The Anthropocene is described as the time that humans have been on Earth, categorised by our rapid industrial development through which the biosphere drastically changed. Motivated by self-interests, the declining state of our environment continues, generating a hope that the future will not be bleak as forecasted. We, as a whole, have fallen into the trap of hope. Dunne and Raby (2013, p. 1) argue that we hold so much hope for the future that fundamentally, “we are just hopeful.” It is now much easier to imagine a dystopic future than one of positive progression or utopia. In popular fiction, our planet faces a myriad of inevitable dooms that threaten the human race – potentially wiping it out altogether. Never is the box office short of a film that taps into this post-apocalyptic genre. It feeds public paranoia of artificially-intelligent technology gone awry, the depletion of resources, overpopulation and the continual entrenched reign of capitalism.

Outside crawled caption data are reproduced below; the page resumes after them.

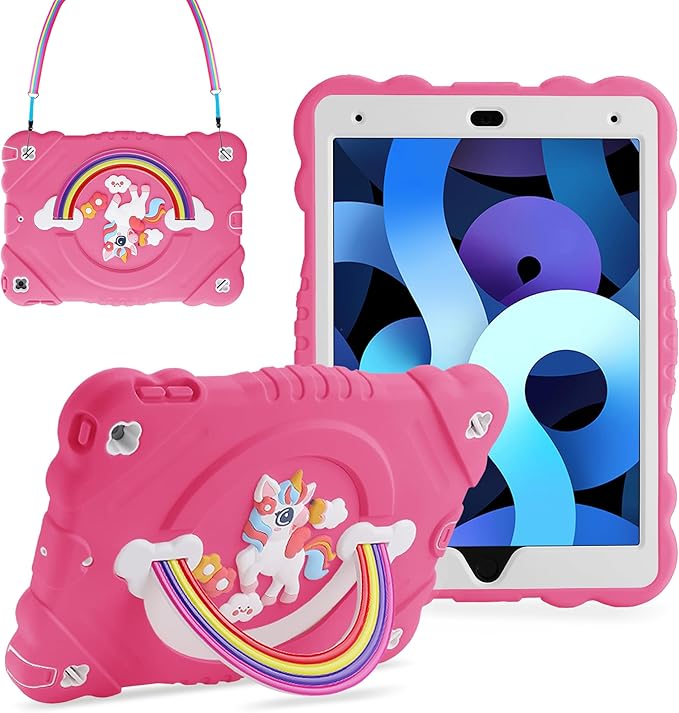 XZC Case for iPad 9th/8th/7th Generation 2021/2020/2019(10.2 inch) Unicorn Cute Cover Heavy Duty Shockproof Protective Case with Built-in Stand Strap for Kids Girls Women (Rose)
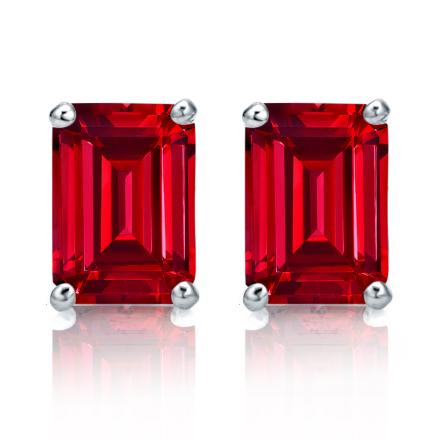 Lab Grown Gemstone Ruby Stud Earrings Emerald 0.50 ct. tw. 14k White Gold 4-Prong Basket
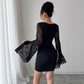 Bell Sleeve Split Solid Color Lace Stitching Square Collar Hip Dress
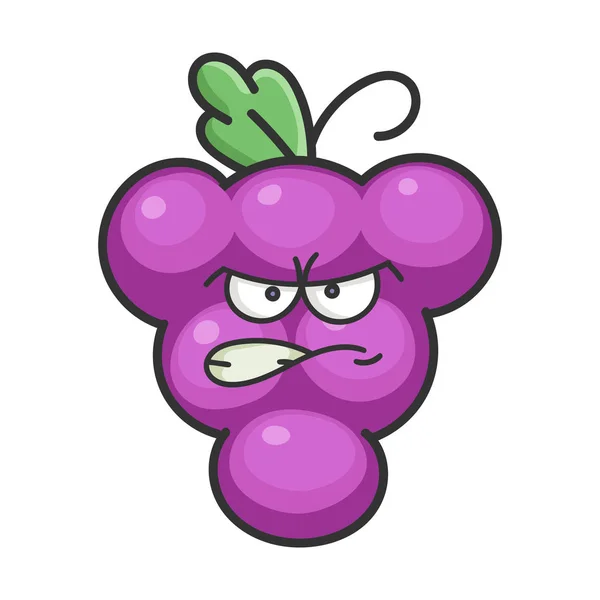 Angry grape cartoon character icon — 스톡 벡터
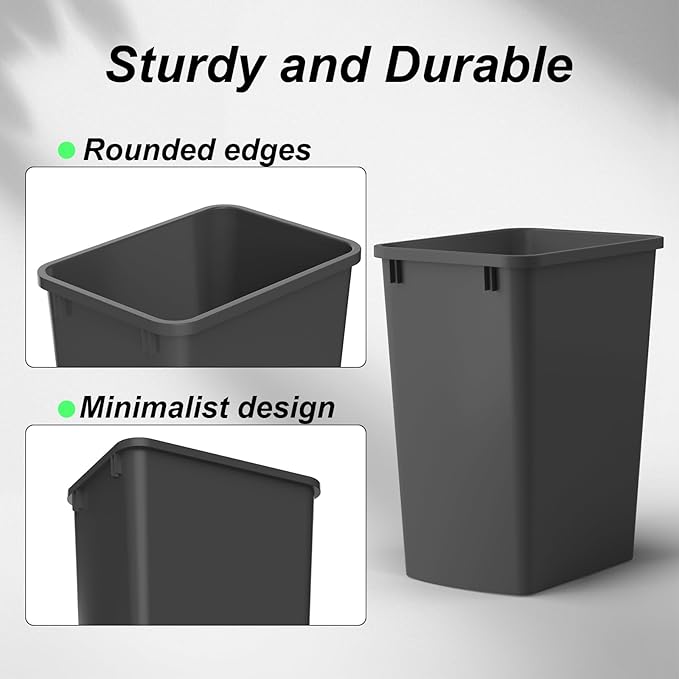 ROOMTEC 35QT Kitchen Trash Can, Sturdy and Lightweight Slim Trash Can, Trash Cans for Kitchen, Workspace, Bathroom, Office, Easy to Clean, 2-Pack, Black
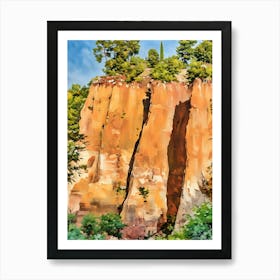 Ochres Land Majestic Cliffside Forest. This image showcases a stunning cliffside landscape adorned with lush green trees. The rocky formations exhibit a range of warm hues, from sandy yellows to deep reds, creating a striking contrast against the vibrant blue sky. The scene captures the beauty of nature's rugged terrain and the resilience of trees growing on steep, rocky surfaces. 1 Art Print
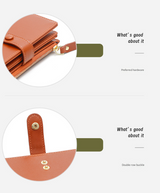 Khaki Compact Bifold Wallet for Women - High Capacity PU Leather Purse with Zipper Coin Pocket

Yet written as fiction, these apocalyptic ends seem more plausible than one of a Gaia and we continue to cling onto hope.

There is a disconnect between our current actions and the future. The future is problematically seen as a void (Fry 2009) when it is a reaction to the present. Latour points out that “as long as we rely on hope, we still expect to escape from the consequences of our actions.” (2013, p. 12) This expectation is flawed and as designers in the Anthropocene, it is beneficial to foster a future-oriented mindset. By being able to design in relation to the future, notions of techno-utopia could become feasible. The film, Her (2013), is rare in its kind – it does not demonise future machines. It proposes struggles of social alienation that comes in hand with technology, but technology is not depicted as a dark, faceless monster. Rather, it is a system that exists naturally in our lives, personalising and magnifying our experience of the world, a direction we are already moving in. If technology can do this for us, can it also be engineered to safeguard our biosphere (also for us)?

Her (2013) directed by Spike Jonze

Latour (2013) states that we cannot restart or rewind – we must work with the current state of the Earth. Our hope has created a void in interdisciplinary design and technological solutions. Innovations such as AirCarbon, thermoplastics materialised from greenhouse gases (Doody 2014), have a far way to go before becoming an effective and beneficial response to atmospheric pollutants. The emissions from constructing and powering these facilities currently outweigh the benefits that AirCarbon can bring, thus, it remains a stagnant resolution. The absence of efficient solutions implemented into the current capitalist system highlights how we fail to address the reality of environmental crises.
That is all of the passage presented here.